Yesterday’s Read Across America Day and celebration of Dr. Seuss’s birthday kicked off two months of promotions to educate families and caregivers about the importance of reading to children. March is National Reading Month, National Reading Awareness Month and features World Poetry Day on the 21st, followed by International Children’s Book Day, National Library Week, the Week of the Young Child and Drop Everything and Read Day in April.
Research has shown us the importance of reading to children from birth. Young children who are read to regularly have larger vocabularies, a strong predictor of success in school. And regular reading time with a parent or caregiver helps form the bonds that bolster the social-emotional growth which is so important to a child’s overall development.
The experts at ReadAloud.org, who urge parents to read to their children for 15 minutes a day beginning at birth, say that half of the children in our country will not hear a bedtime story tonight. Reading to a child just 15 minutes daily builds literacy and language skills that can make the difference between starting school ready to learn or starting behind and struggling to catch up.

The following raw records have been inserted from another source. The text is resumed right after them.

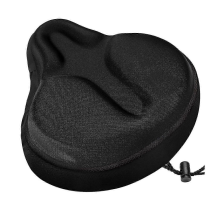 Sella per bicicletta extra larga con cinturino antiscivolo in gel, adatta a cyclette e cyclette stazionarie.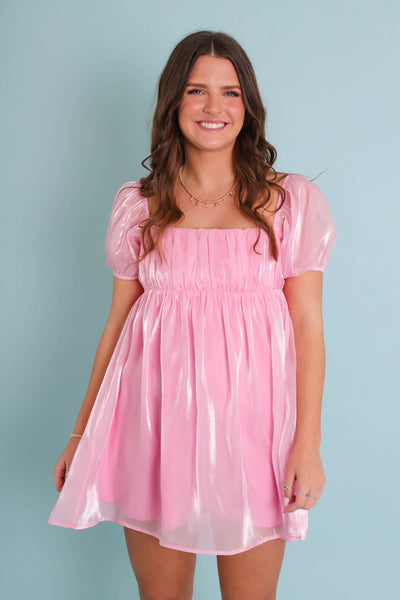 Women's Pink Metallic Dress- Women's Pink Babydoll Dress- Vintage Shop Dress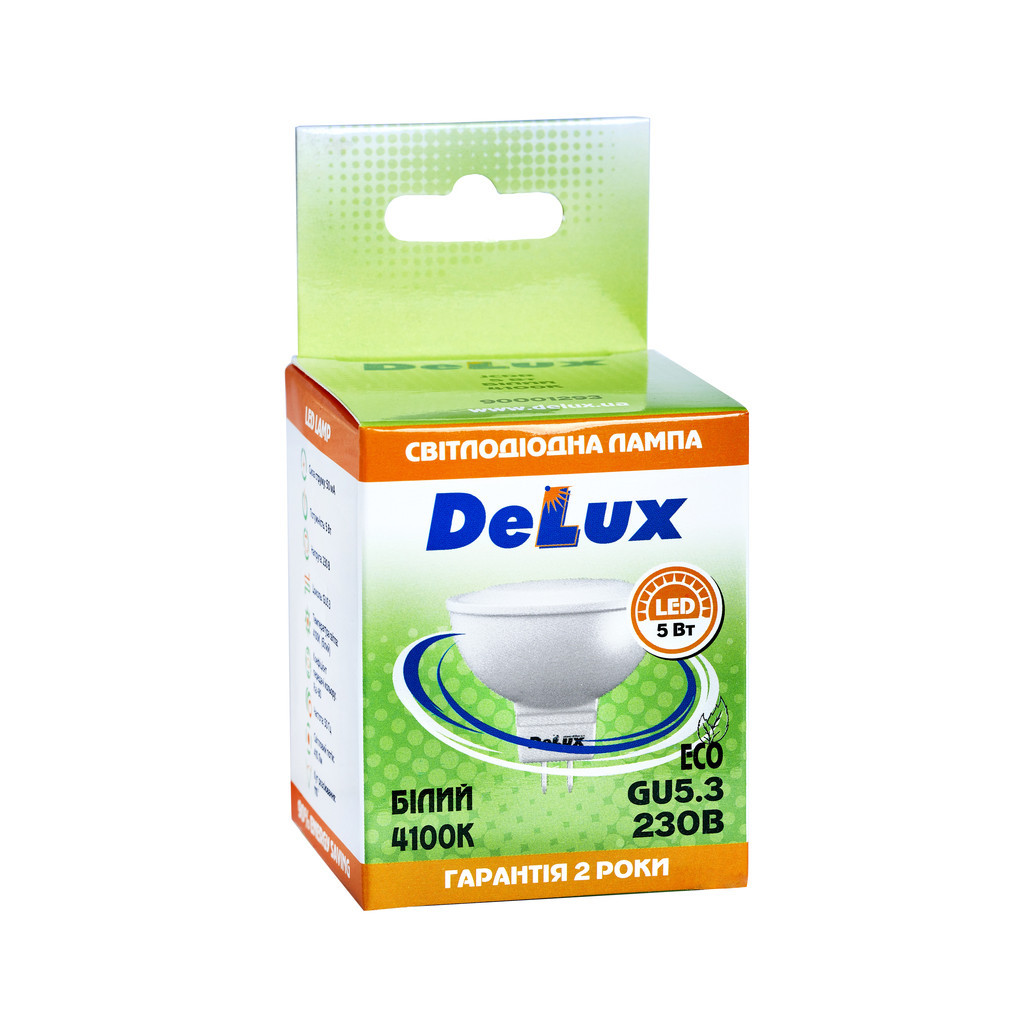 Лампочка Delux JCDR 5Вт 4100K 220В_GU5.3 (90020568)
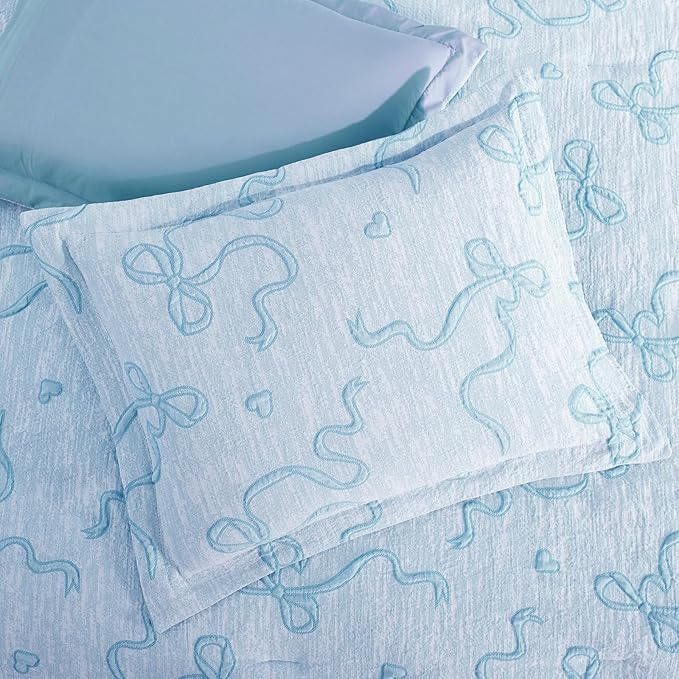 Geniospin Light Blue Queen Comforter Set for Girls- 7 Pieces Bowknot Jacquard Bed in A Bag Queen Bedding Sets with Sheets, Pillowcases & Shams, All Season Kids Comforter Set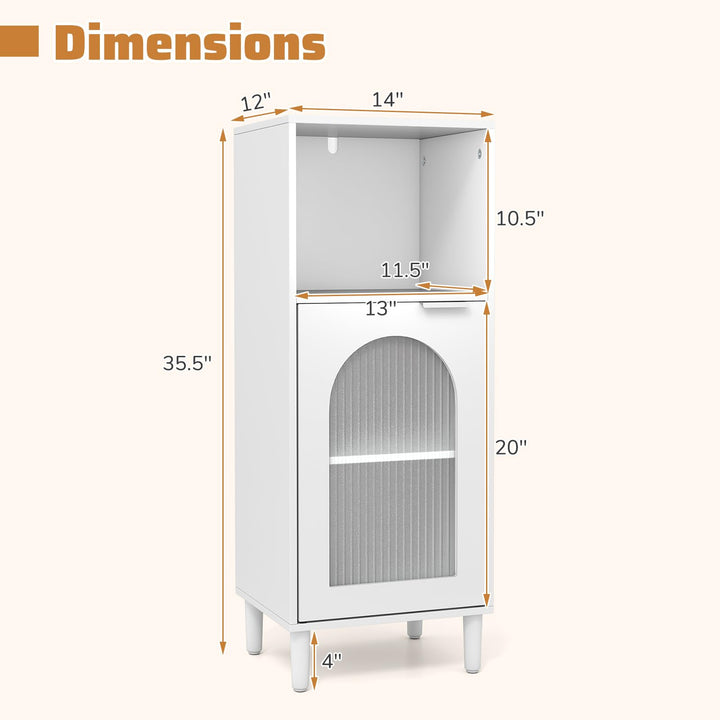 Giantex Bathroom Corner Floor Cabinet with Removable Shelf &amp; Fluted Tempered Glass Door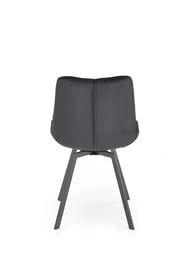 Scaun tapițat rotativ Zamoni - catifea neagră Bluvel 19 / picioare negre Židle čalouněné k519 - negru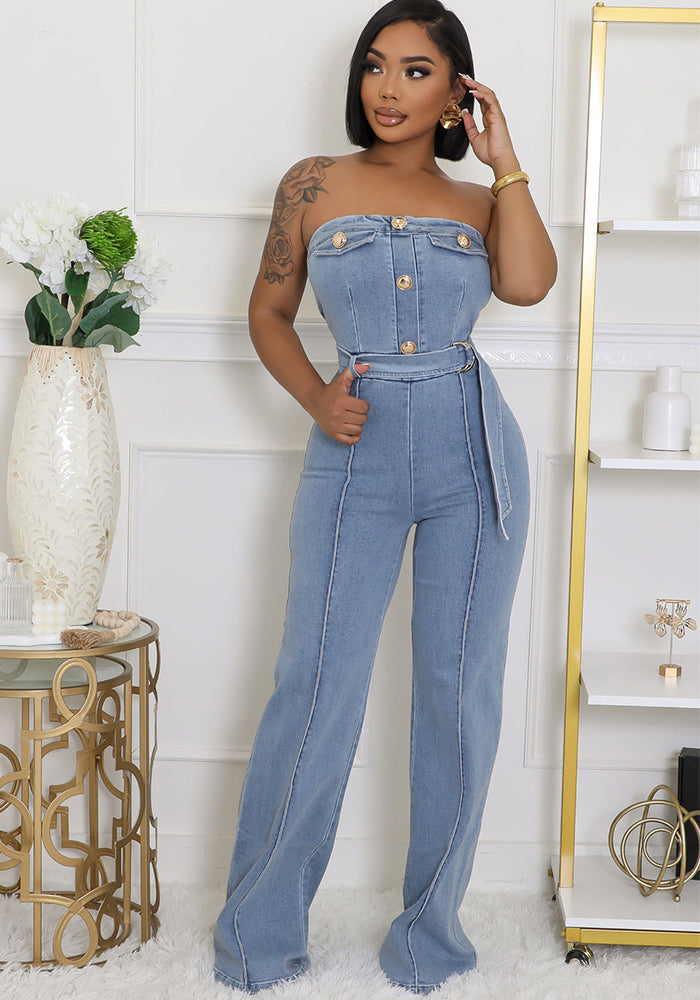 Women's Strapless Slim Waist Elastic Washed Denim Wide-Leg Jumpsuit
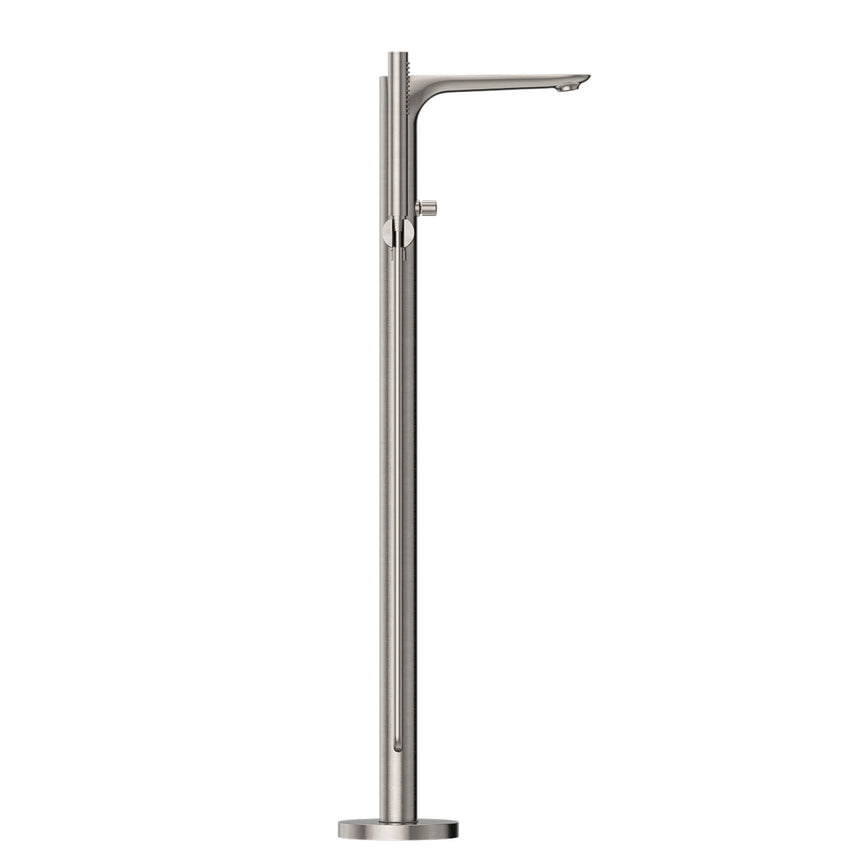 Nero Bianca Floor Standing Bath Mixer With Hand Shower Brushed Nickel Shower Nero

Choose Developmentally Appropriate Books
Reading age-appropriate books that capture a child’s interest helps instill a love of reading and realization that books open up a world of ideas and fun.
Lisa Poppe, Extension Educator with The Learning Child says babies and toddlers like board books, photos of familiar things like babies and toys, and photos of children doing familiar things like playing, goodnight books and animal books. Preschoolers like books with action, stories that rhyme, books with repetition and funny-sounding words, and stories with happy endings.